Monday, January 29

Grace and Funk

Look up "grace" and the fist of many definitions listed is, "elegance or beauty of form, manner, motion, or action." Looking up "funk" will give you a bit more trouble. Scroll down and you'll find, "music having a funky quality." So what type of music has a funky quality? Um, funk I guess. That clears it up. Scroll down a little further and you'll find, "An earthy quality appreciated in music such as jazz or soul." and "A type of popular music combining elements of jazz, blues, and soul and characterized by syncopated rhythm and a heavy, repetitive bass line." That last one may be correct, but it sure takes the funk right out of funk.

I've been thinking about these two words in relation to the new Fujiya & Miyagi album, Transparent Things, the U.S. version of which was released last week. I am holding a spot on my 2007 year end list for this album; it'll be an amazing year for music if it somehow gets bumped off. Maybe you read about the album when the import version was being reviewed and hyped last year. Lots of krautrock comparisons have been thrown around, and not unfairly. Not having heard much Can, I can't speak to that connection, but I definitely hear the Neu!/Cluster/Harmonia influence. I've been listening to a lot of that music lately, so this is good timing. Transparent Things is graceful in the same way, say, the best techno is graceful: precise, restrained, elegant. There's a lot of open space in this music, and it occurs to me that funk needs open space. I'm defining funk not just as a funky beat or baseline (the album does have that, for certain), but more loosely as a sort of human, corporeal quality. I should be careful here; I'm not talking about rockist authenticity. Machine music can be funky, as Kraftwerk has proven. It's not about sounding organic, or hand-played. It's just about allowing the music to breath.

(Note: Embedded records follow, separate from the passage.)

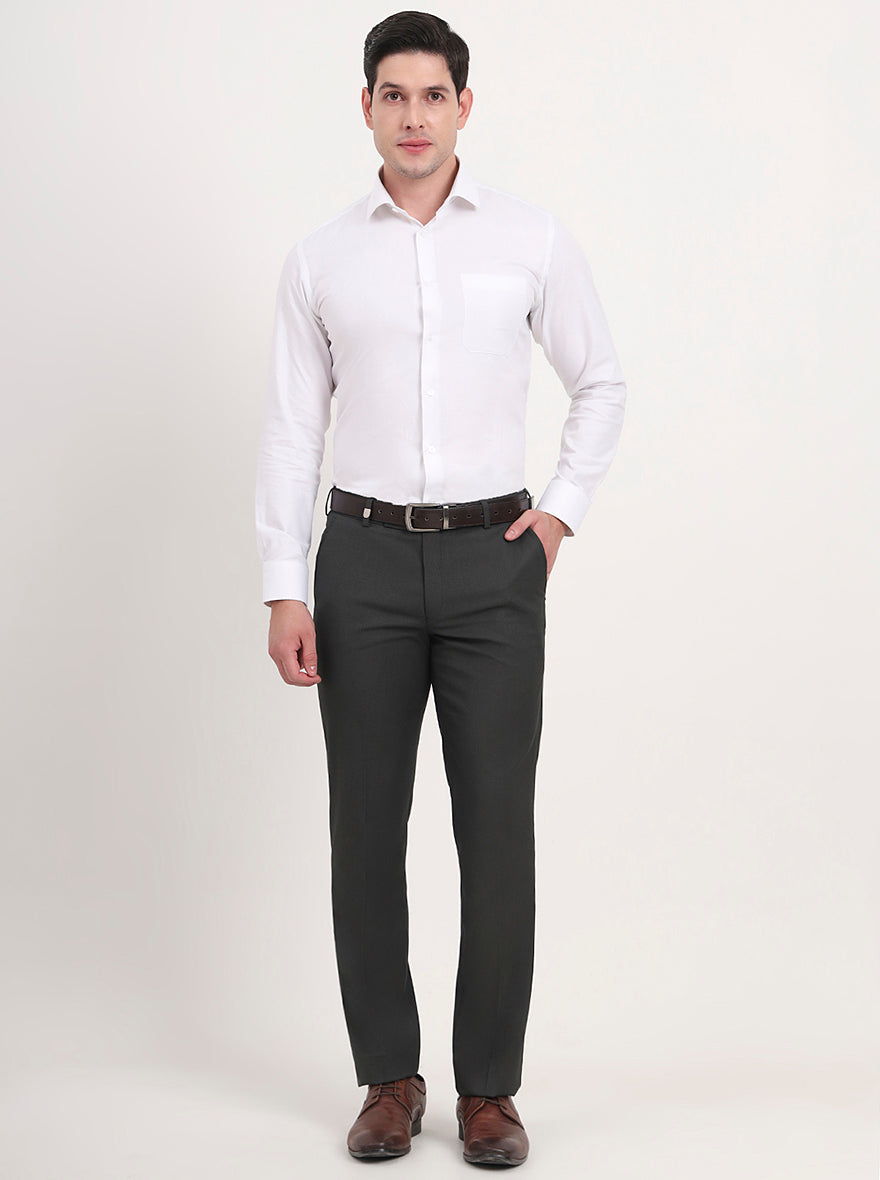 Green Solid Slim Fit Formal Trouser | JB Studio
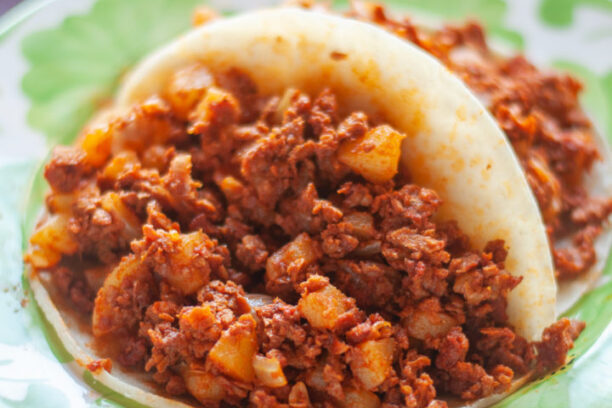Tacolab LA vegan soy chorizo tacos for catering in Los Angeles. Spicy plant-based chorizo with potatoes, served on fresh corn tortillas.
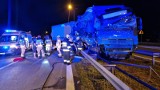 Wypadek dwóch ciężarówek na autostradzie A4 na Dolnym Śląsku. Jedna osoba została ranna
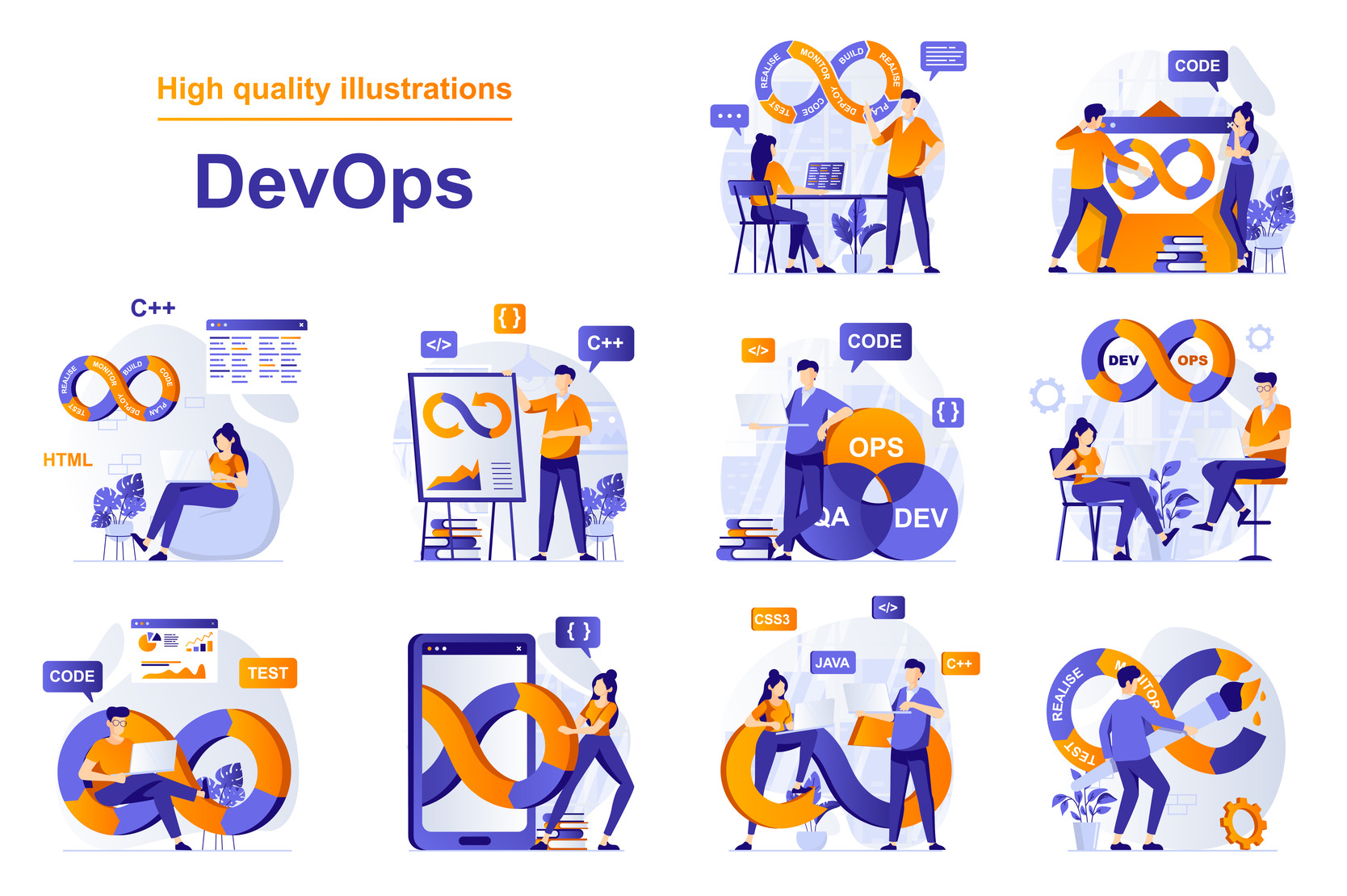 DevOps Illustration Pack - 10 Design & Development Illustrations | SVG ...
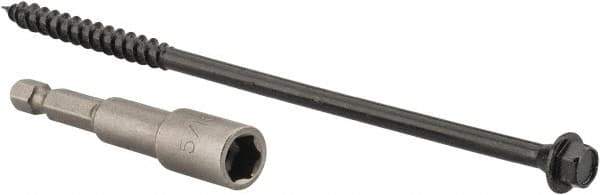 Value Collection - 1/4", 6" OAL, Hex Head Wood Screw - Steel - USA Tool & Supply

This idea of open space is something I've been thinking about a lot since first hearing the Junior Boys. Above anything else, open space defines their music. Other music I enjoy has this quality: OMD's Architecture & Morality, Brian Eno's Another Green World, The Blue Nile's Hats, David Sylvian's Secrets of the Beehive, and the recent Kelley Polar album. Is there a metaphor here? Maybe that space needs to be there so listeners have somewhere to insert themselves into the music, to crawl inside the sound and fill the gaps.